The age inversion. Experienced workers in AI-exposed jobs are thriving (+6-13%). Entry-level workers in the same jobs are declining (-13%). This isn’t contradictory once you understand the mechanism: AI is a leverage tool that amplifies existing skill, not a replacement for it. If you know what to verify, you move faster. If you were supposed to learn what to verify by doing the work AI now handles, you have a problem.
The augmentation-automation balance. In January 2026, Anthropic’s Economic Index showed augmentation (52%) overtaking automation (45%) as the primary use pattern. Workers are using AI to do more, not fewer of them doing it. This is a genuinely positive signal, but worth noting that the ratio flipped. In August 2025, automation was dominant. The balance is unstable, and as AI capabilities improve, it could shift again.
The growth contradiction. Even the most automatable jobs are showing net employment growth: +38% for high-exposure roles, +65% for low-exposure. The WEF projects a net gain of 78 million jobs by 2030 (170 million created, 92 million displaced). Nobody’s shrinking yet. The question is whether this reflects genuine resilience or the fact that adoption hasn’t hit the tipping point.
What survives
Catalini frames the question worth sitting with:
Strip away the execution layer, and what’s left? That’s your moat. Or your problem.

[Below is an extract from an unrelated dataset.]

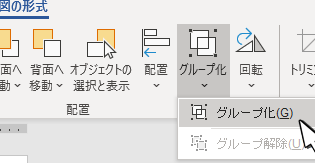 Wordでグループ化できない時の対処法｜オブジェクトの結合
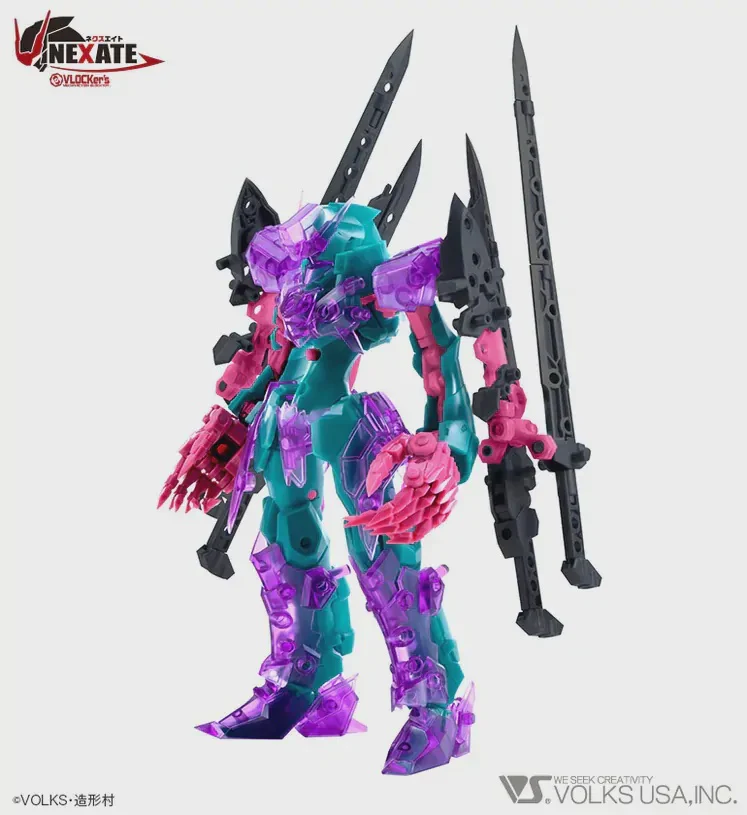 VLOCKer's NEXATE PRIME V-RAID Green/Clear Purple ver. Plastic Model Kit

What survives is the stuff that’s hard to measure. Deciding what question to ask in the first place. Navigating genuine uncertainty where there’s no clear right answer. Verifying whether an AI agent did the right thing when the output looks plausible but might be subtly wrong. Taking responsibility when it matters. These are the tasks that remain stubbornly human, because they require context, judgment, and accountability that can’t be specified in a prompt.
Concretely: a lawyer reviewing an AI-drafted brief needs to know whether the cited cases are real (hallucination check), whether the arguments align with this specific judge’s preferences (contextual judgment), and whether to stake their reputation on the filing (liability). A manager using AI-generated market analysis needs to know whether the assumptions match the company’s actual competitive position. A doctor reviewing an AI diagnostic suggestion needs to know the patient’s history, tolerance for risk, and family situation. The verification layer is where humans remain essential.
I keep coming back to the historical parallel. A decade ago, offshoring studies identified “roughly a quarter of US jobs as vulnerable.” Those predictions were mostly wrong. Massenkoff and McCrory themselves cite this: within a decade, the job-offshorability predictions “proved largely inaccurate.” The lesson is that theoretical exposure is a poor predictor of actual disruption.
But the Anthropic researchers also point out a key difference. This time, we have real usage telemetry. We know exactly which tasks AI is being used for, how adoption is growing, and where the gaps are. The distance between theory and reality is documented and measurable. And it’s closing.
The Anthropic study found that for every 10 percentage-point increase in observed AI coverage, BLS employment growth projections decrease by 0.6 percentage points through 2034. This relationship only appears with observed exposure, not theoretical exposure. The theoretical scores alone don’t predict employment changes. It’s the actual adoption that matters.
That’s not a cliff. It’s a slope. And we’re on it.